[Short descriptive text snippets]

⁂

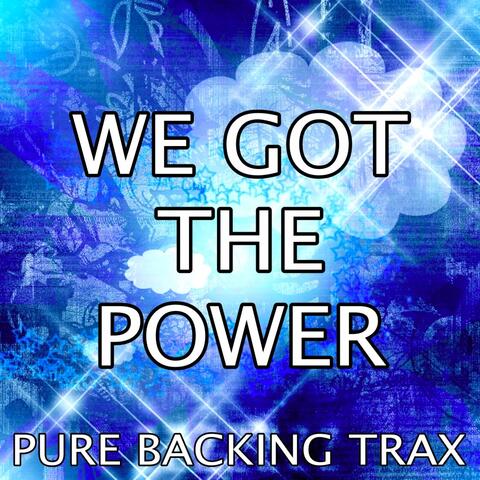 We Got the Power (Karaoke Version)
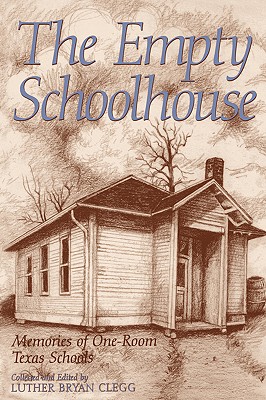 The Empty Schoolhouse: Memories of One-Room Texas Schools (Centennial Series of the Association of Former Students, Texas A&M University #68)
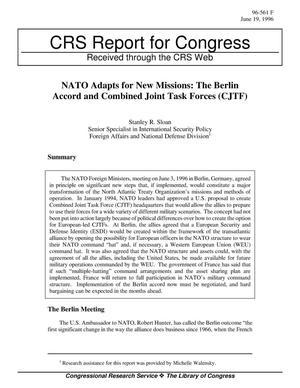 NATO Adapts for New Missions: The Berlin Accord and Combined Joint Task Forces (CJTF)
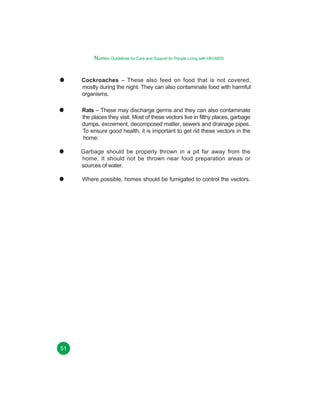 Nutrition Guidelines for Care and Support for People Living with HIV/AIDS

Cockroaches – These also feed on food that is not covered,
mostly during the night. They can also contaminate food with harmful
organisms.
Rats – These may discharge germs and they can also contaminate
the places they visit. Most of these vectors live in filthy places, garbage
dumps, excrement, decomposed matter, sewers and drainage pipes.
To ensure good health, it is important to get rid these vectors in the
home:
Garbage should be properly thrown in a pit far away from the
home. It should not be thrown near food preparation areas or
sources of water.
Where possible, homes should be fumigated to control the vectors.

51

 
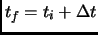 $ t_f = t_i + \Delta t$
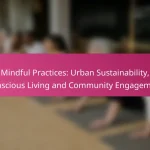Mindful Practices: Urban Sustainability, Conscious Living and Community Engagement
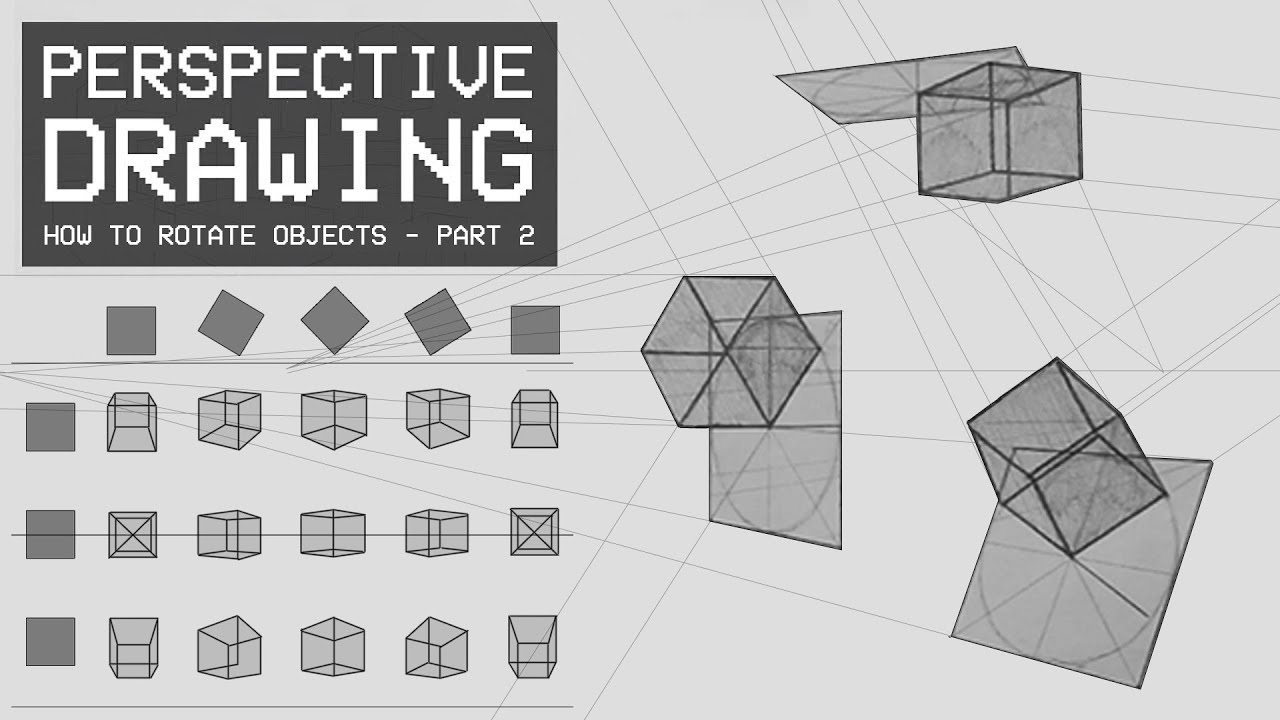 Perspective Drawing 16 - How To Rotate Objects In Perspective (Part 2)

⁂

[Goal of the exercise]
Gather all lines of the records that include the word "vectors".

[Output for this task]
the places they visit. Most of these vectors live in filthy places, garbage
To ensure good health, it is important to get rid these vectors in the
Where possible, homes should be fumigated to control the vectors.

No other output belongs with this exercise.